RICH OR POOR, FAMOUS OR UNKNOWN - THE FACES OF ZANZIBAR
The last bookstore
TV journalist Farouk Karim owns Zanzibar’s last bookstore. It’s no big literary center - but the smell of paper and calm intellectualism still prevails.
Why did he become a bookstore keeper? “I learnt from my father that you can earn a living with books and journalism.” But as a young man, Farouk Karim had other dreams. “Everybody wanted to be a seaman in the 80s”, he recalls. He skipped military service, was hired by a freighter instead, arrived in Piraeus in Greece, made some cash, lived abroad for over a decade, saw his marriage in Toronto fail, returned to Zanzibar, remarried - and stayed. Many men of his generation here tell a similar story.
Now 60 years old, Karim has been selling books, stationery, and newspapers for the last 30 years. And like his father, who reported for the BBC and Reuters in the early independence years, Karim, has become a local media celebrity as an ITV correspondent. As Chairman of the Zanzibar Media Committee, he is involved in creating new media legislation. Under President Mama Samia, he says, things have changed for the better. Karim also brought Zanzibar into the Confederation of African Football, which probably won him the most fans.

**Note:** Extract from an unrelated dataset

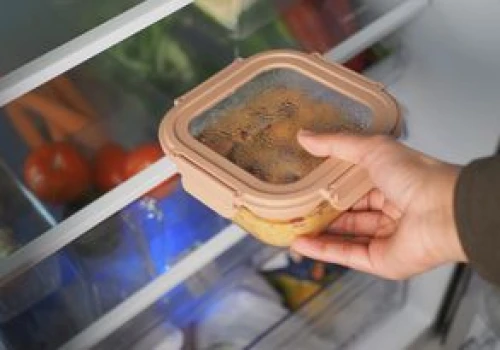 Nigdy nie zostawiaj obiadu na blacie. Bakterie mnożą się szybciej, niż myślisz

Printed newspapers, all of them, and every day. Karim has them. The Citizen, the Mail, the Guardian … and of course East Africa’s renowned weekly, The East African, founded in the 80s and still running. The international press, Vogue or Time magazine? “You can’t get these here”, he says, “would be far too expensive to import them.” Comrades pass by to discuss the daily going-on. Men who are soft-spoken and read are Karim’s clients.
Karim’s shop is not your cosy Notting Hill collector’s heaven, nor a Barnes & Nobles, it does not even have a sign outside. What are his bestsellers? Schoolbooks, educational and inspirational books, says Karim. “How to make money”, or “How to sew a dress” kind-of-books.
Sorry, no Tom Ford here, no Zadie Smith, but Abdulrazak Gurnah, the Zanzibari Nobel Prize Winner for Literature, is available with his first Swahili translation “Peponi”. The famous writer even came by to greet Karim and brought a sales poster with him. But time to talk he had not, the bookkeeper says.